According to the Office for National Statistics, unemployment in the UK is now at the lowest level for 45 years, hitting its lowest level since 1974, though wage growth softened slightly. The figures revealed that the number of people out of work in the past three months has now been falling for five years, and now the country's unemployment rate edged lower to 3.8 per cent in the three months to March. In the three months to February, the unemployment rate was 3.9%. The employment rate hit a record high of 76.1 per cent as employment jumped by 99,000 to 32.7 million. The buoyant figures show the strength of Britain's job market despite the Brexit paralysis and seemingly unending deadlock at Westminster.
Helped by changes to the state pension age, which has resulted in fewer women retiring between the ages of 60 and 65, the proportion of women in work was higher than since records began in 1971. Over the last five years, the unemployment rate for women has fallen from 6.4% to 3.7%, in comparison to a fall from 7% to 3.9% witnessed in the unemployment rate for men.
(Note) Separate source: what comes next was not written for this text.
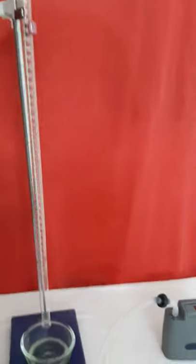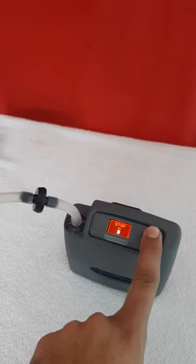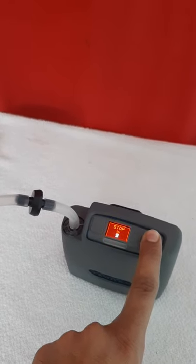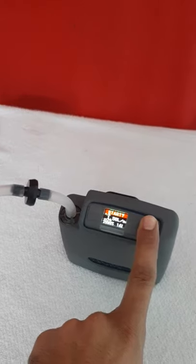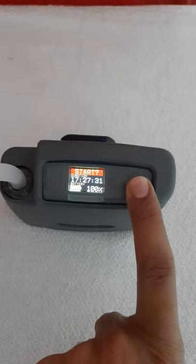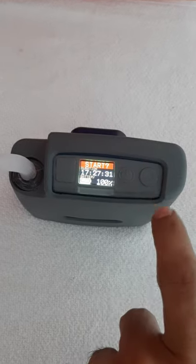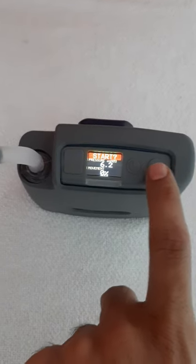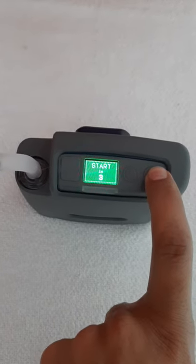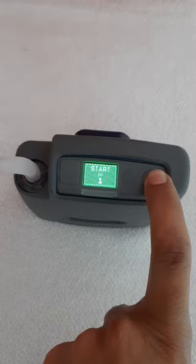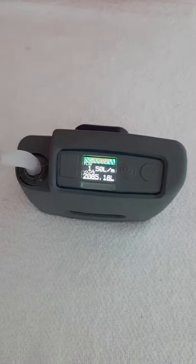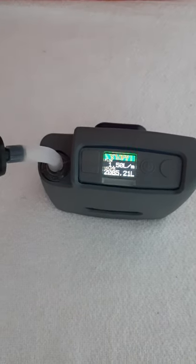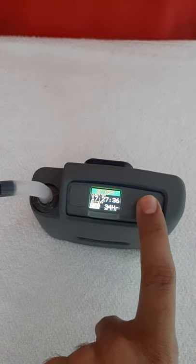First we'll see how to turn on this pump and then do the calibration. You'll find this start display. Click on this button for 3 seconds and it gets turned on. Now if you want to adjust the flow rate, stop the pump.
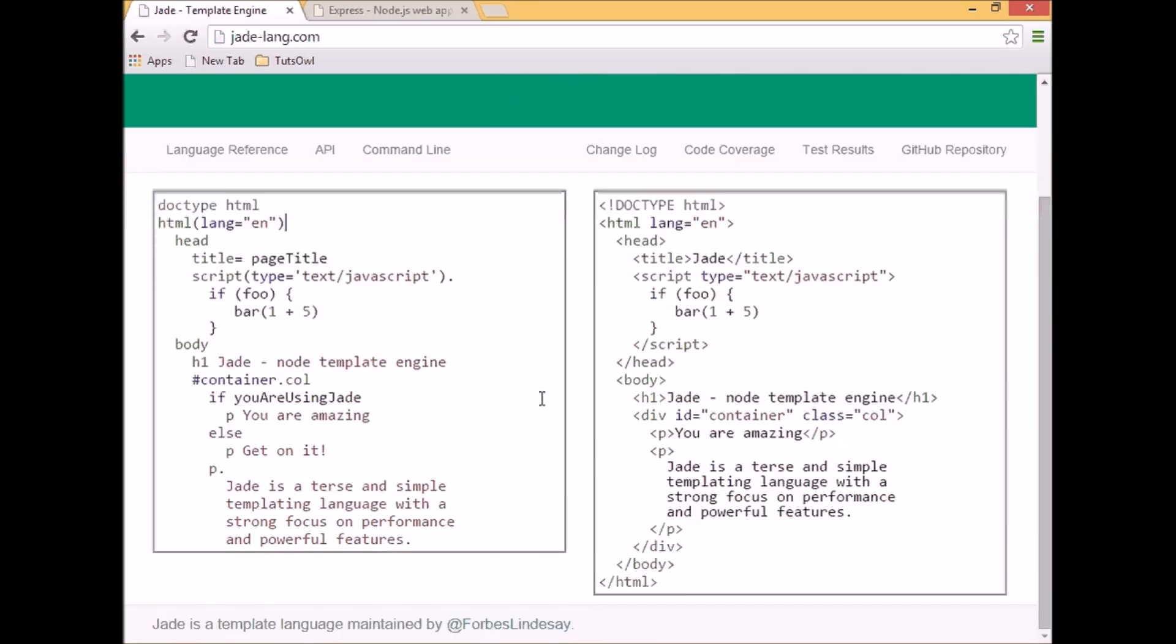And if we compare Jade with HTML, we can see that it's a little bit lighter and we don't have that much overhead because we don't have to close all the tags as we used to do in HTML.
The participation rate of women has seen a cultural change as fewer women are now out of work for family reasons, reflecting higher wages and older workers into the workplace.
After an almost uninterrupted decline since the end of 2017, the number of EU nationals in work also rose to nearly 2.4m, a record high.
However, there are signs that the job market's resilience could be fraying with signs of market softening, as some indicators suggest that it is entering a turbulent period. The number of jobs added in the first quarter of the year was lower than the number added in the three months to February and below the market expectations. Compared with the previous quarter, the number of full-time employees dropped by 55,000, though the number of self-employed increased. Nominal earnings growth saw an end to the upward trend that began last year as it eased to 3.2 per cent, compared to 3.5 per cent in the three months to February, showing signs of at least temporarily slipping back after trending up. Moreover, if look at real earnings, it is still below their pre-financial crisis peak, though wages are rising close to their highest rates since the crisis more than a decade ago.
Though the number of vacancies remained higher than in the first quarter of last year, it fell in the three months to March, compared with the three months to January, indicating another sign that the job market could be softening. As companies continued to hire despite weak output growth, the productivity growth also fell for the third consecutive quarter.
Since employment is relatively low cost and it is easier to fire employees if business subsequently stagnates, growth in employment reflects preference by companies to employ rather than commit to long-term investment given current macro uncertainties. Analysts believe the Bank of England would maintain a wait-and-see approach on interest rates and is not expected to change its monetary policy imminently.